> [Short web captions]:
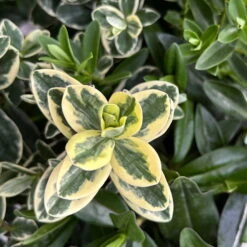 Hebe 'Trio', Farben Zufällig, Grün & Buntlaubig, Topf-Ø 23 Cm -Die grüne Ecke 0690190076 Hebe Addenda Trio T23 gruen buntlaubig H55 10 126563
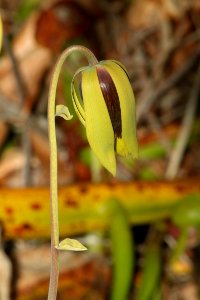 0101a - PITCHER-PLANT, DALINGTONIA (Darlingtonia californica) (6-21-11) near florence, lane co, or - (3)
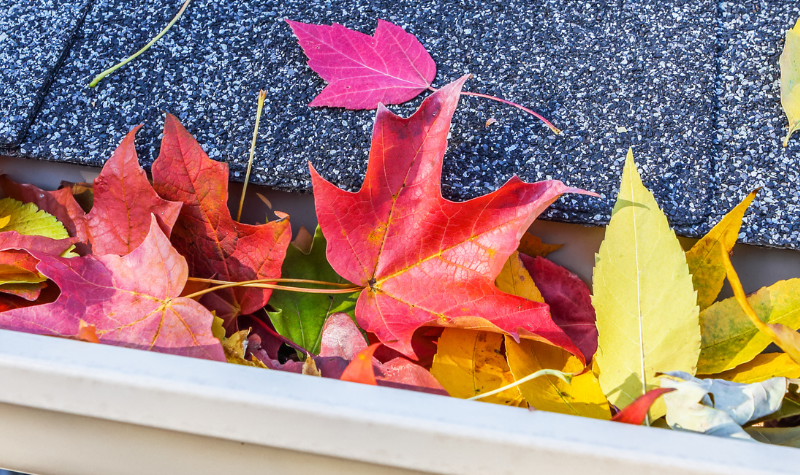 Fall Roof Maintenance Blog Header. Fall Leaves in Gutters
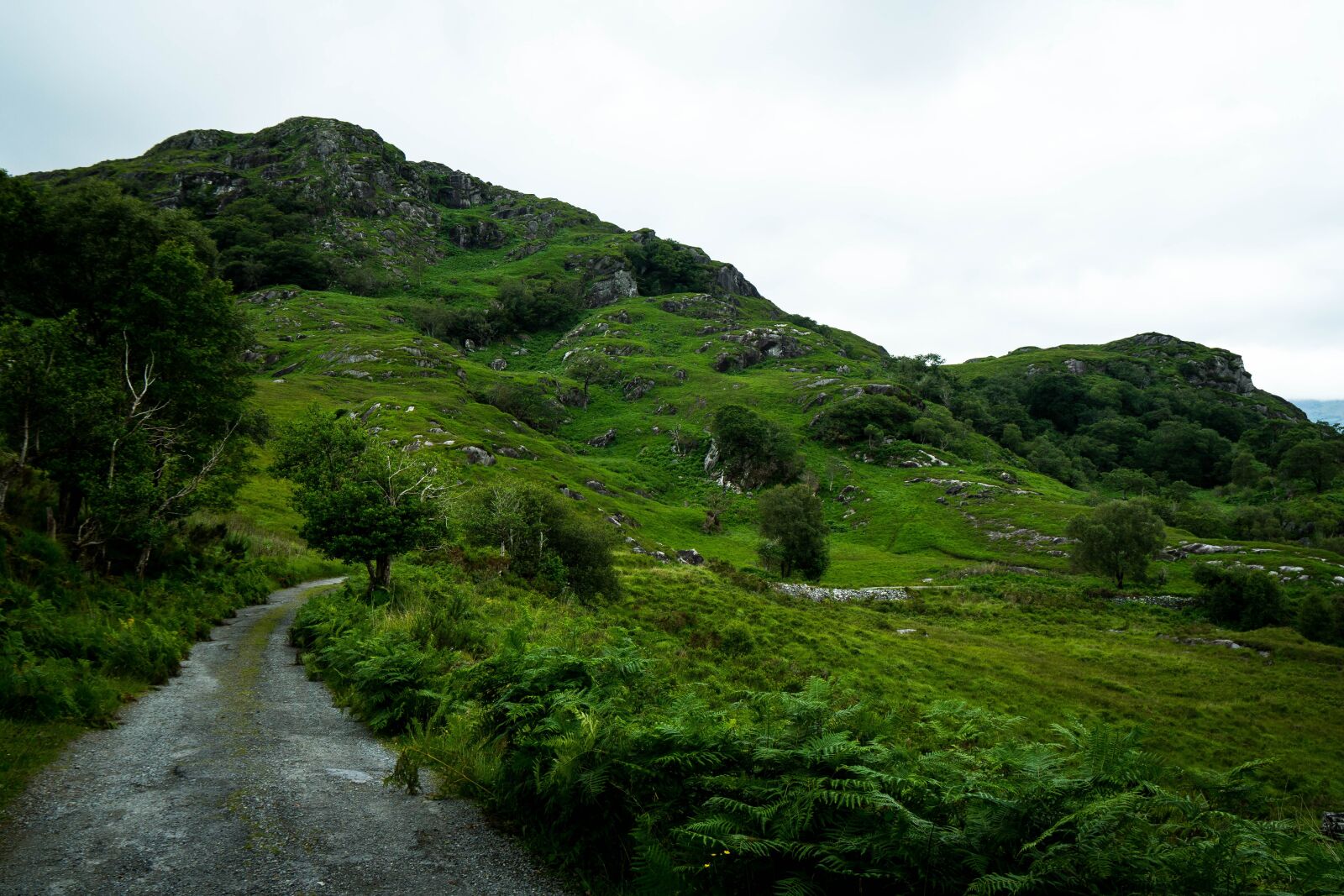 Sony a6500 + Sony Vario-Tessar T* E 16-70mm F4 ZA OSS sample photo. Landscape, ireland, nature photography
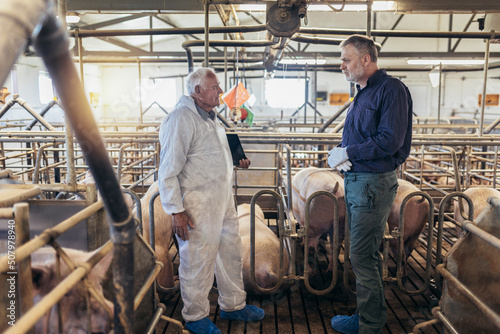 Принти на полотні Senior veterinarian and farmer standing at the pig farm.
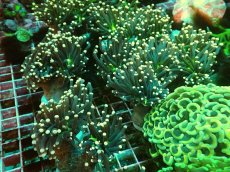 画像3: No.10 ブラックトーチ　ジョーカー ２ヘッド付き １個　　【人気No.1】 (3)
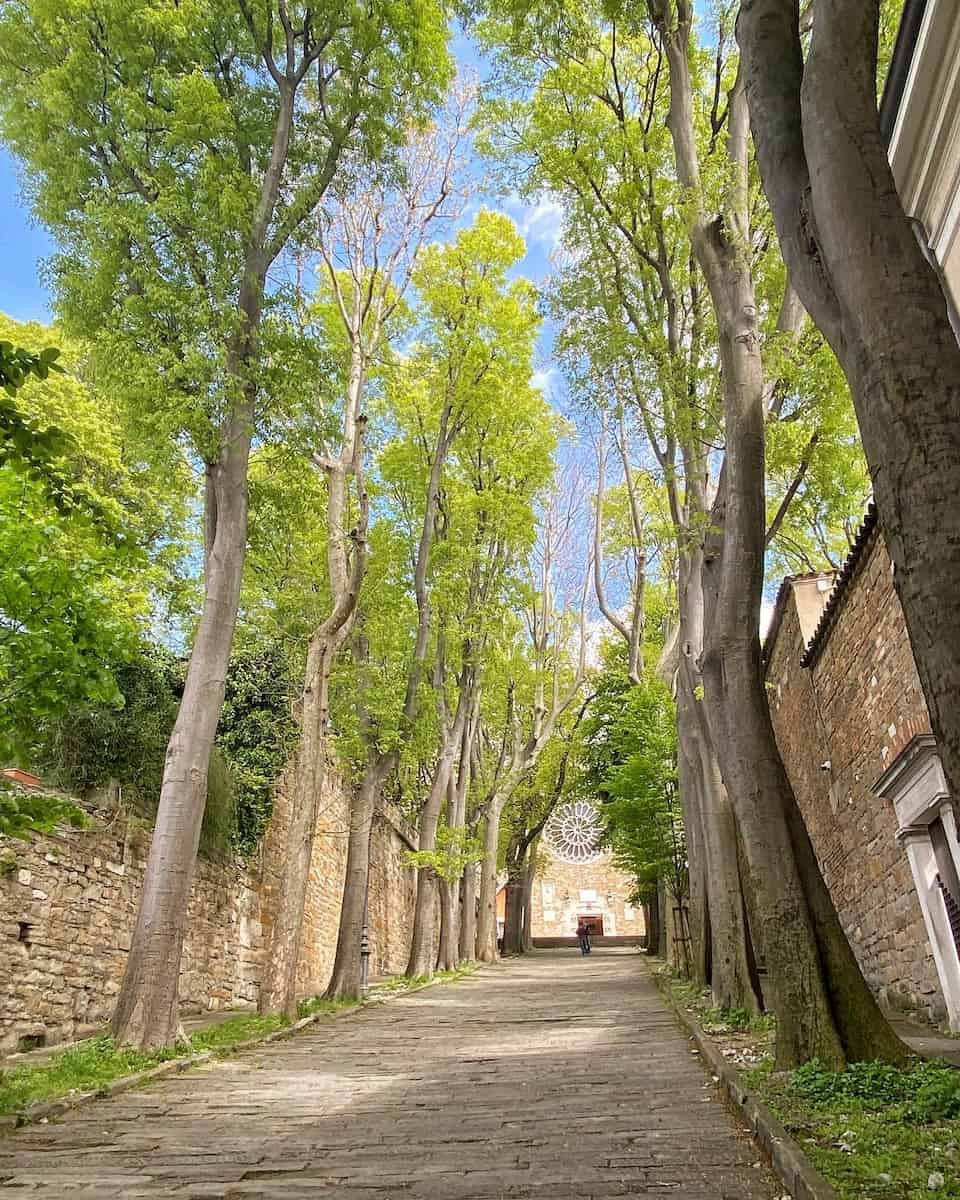 Trieste: Ancient City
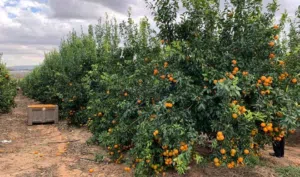 فرصه استثماريه مميزه بياره موازيه للمعبر تماما على شارعين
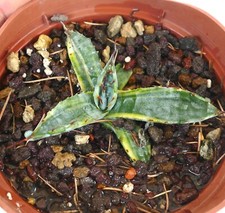 Agave cerulata SRIATA VARIEGATED VARIEGATA no titanota parrasana LL8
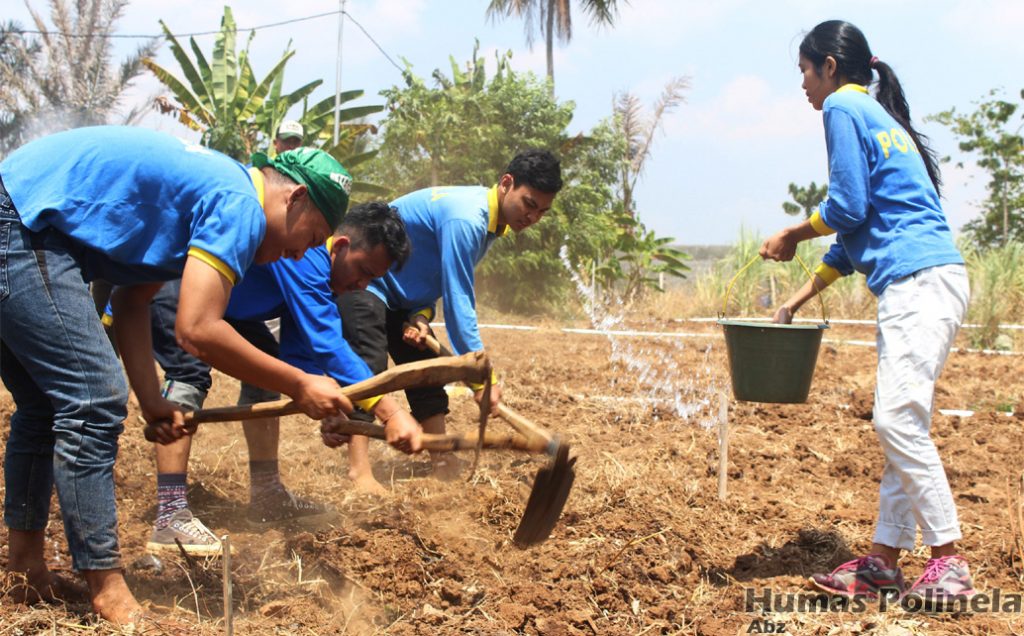 Program Studi Produksi Tanaman Perkebunan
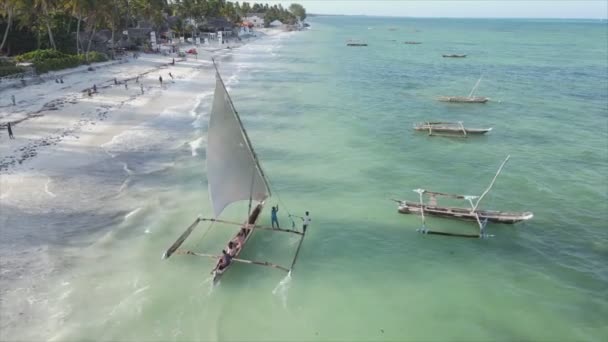 Stock Video Shows Boats Ocean Coast Zanzibar Resolution — Video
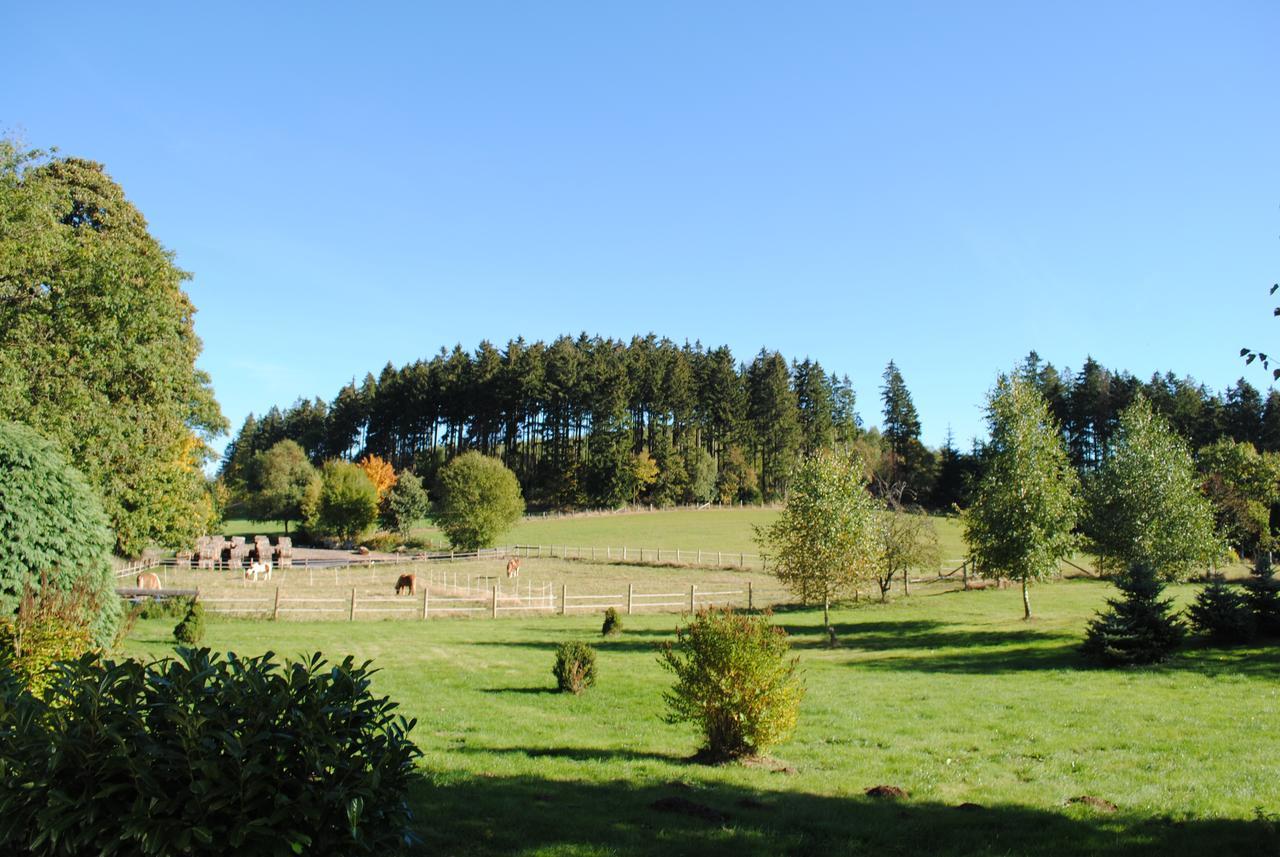 Landgasthof Gruss Брилон Екстериор снимка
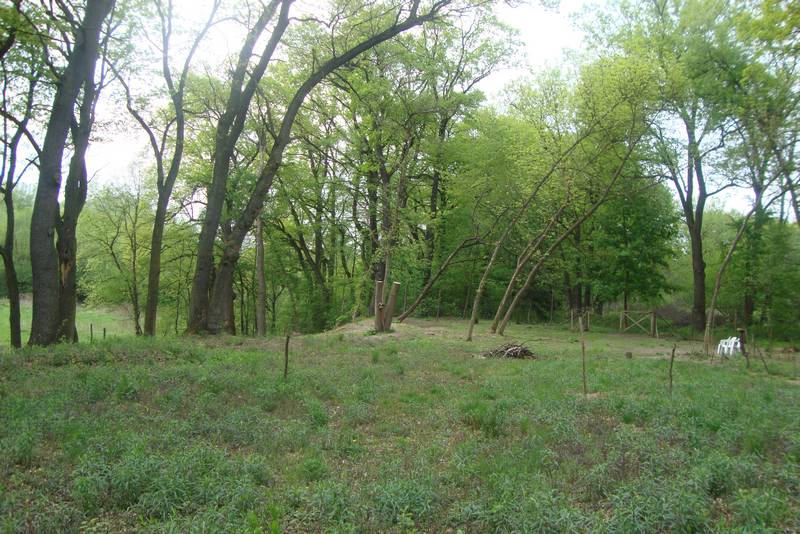 Widok działki i zielonego otoczenia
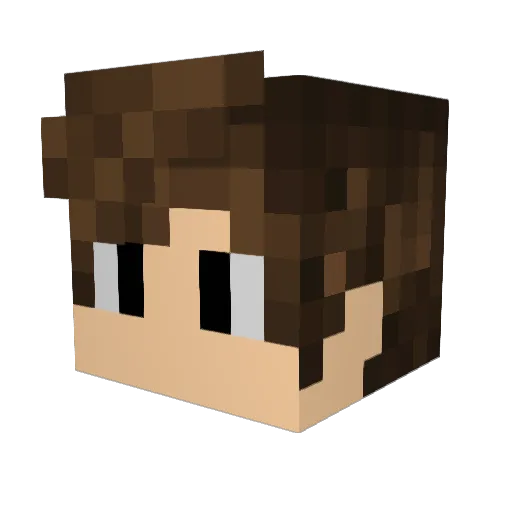 1costarecraft1 Minecraft avatar head, 3D render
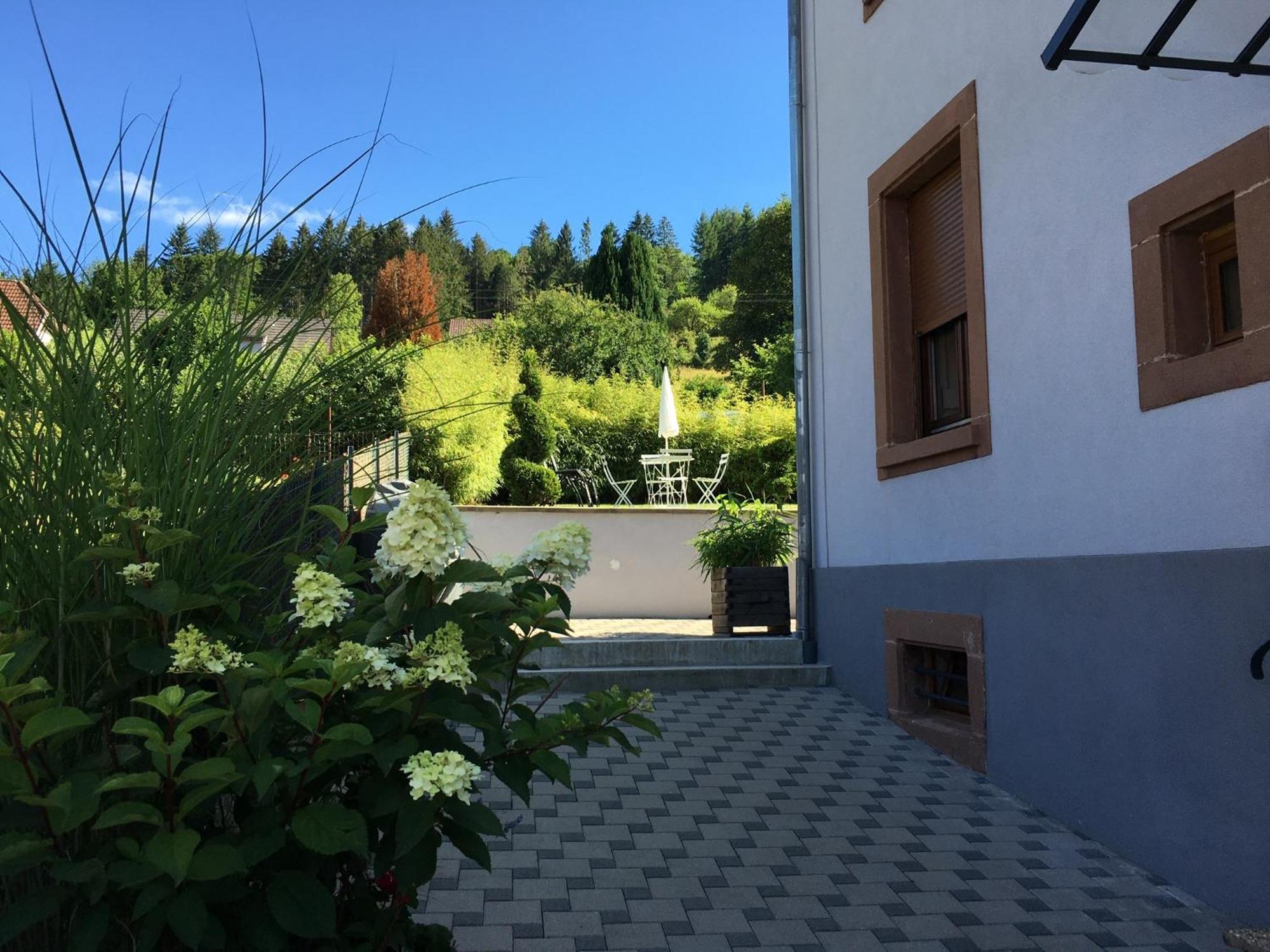 Les Magnolias En Alsace - Meuble De Tourisme 3 Etoiles Apartamento Barembach Exterior foto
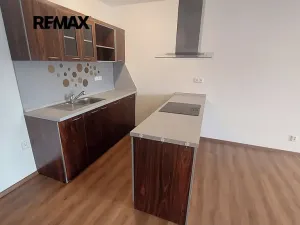 Pronájem bytu 1+kk, Slavkov u Brna, 53 m2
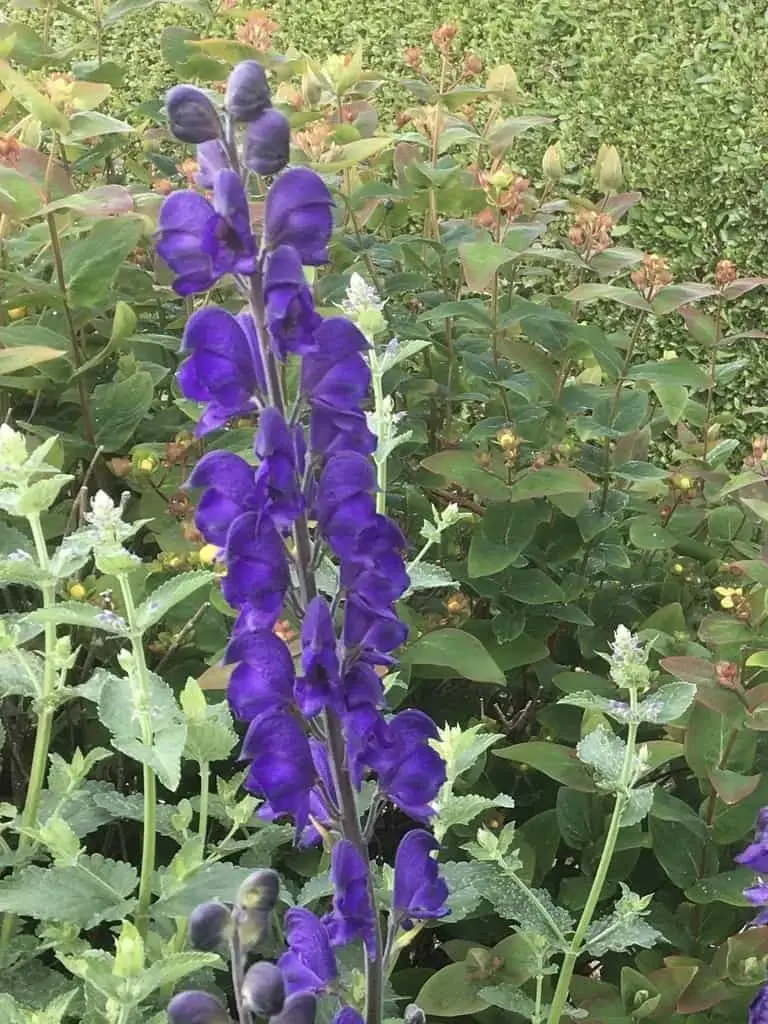 Monkshood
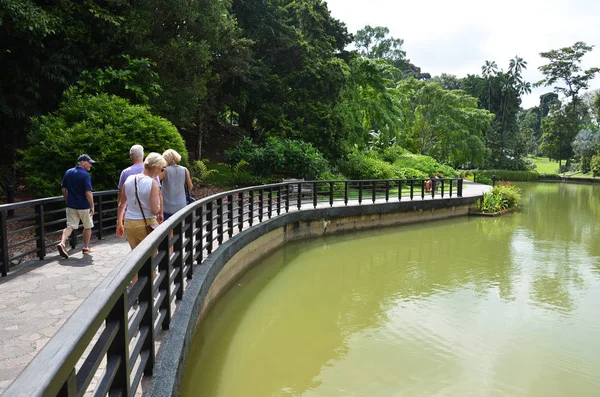 Singapur Botanik Bahçesi gölde — Stok fotoğraf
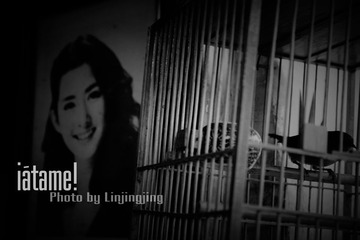 你在相框里，一如我在笼子里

> [REQUIREMENT]: The line with "Fall Roof Maintenance" marks the end: restate word for word every line from the top of the data through that one, omitting pictures.

> [ANSWER SECTION]:
 Hebe 'Trio', Farben Zufällig, Grün & Buntlaubig, Topf-Ø 23 Cm -Die grüne Ecke 0690190076 Hebe Addenda Trio T23 gruen buntlaubig H55 10 126563
 0101a - PITCHER-PLANT, DALINGTONIA (Darlingtonia californica) (6-21-11) near florence, lane co, or - (3)
 Fall Roof Maintenance Blog Header. Fall Leaves in Gutters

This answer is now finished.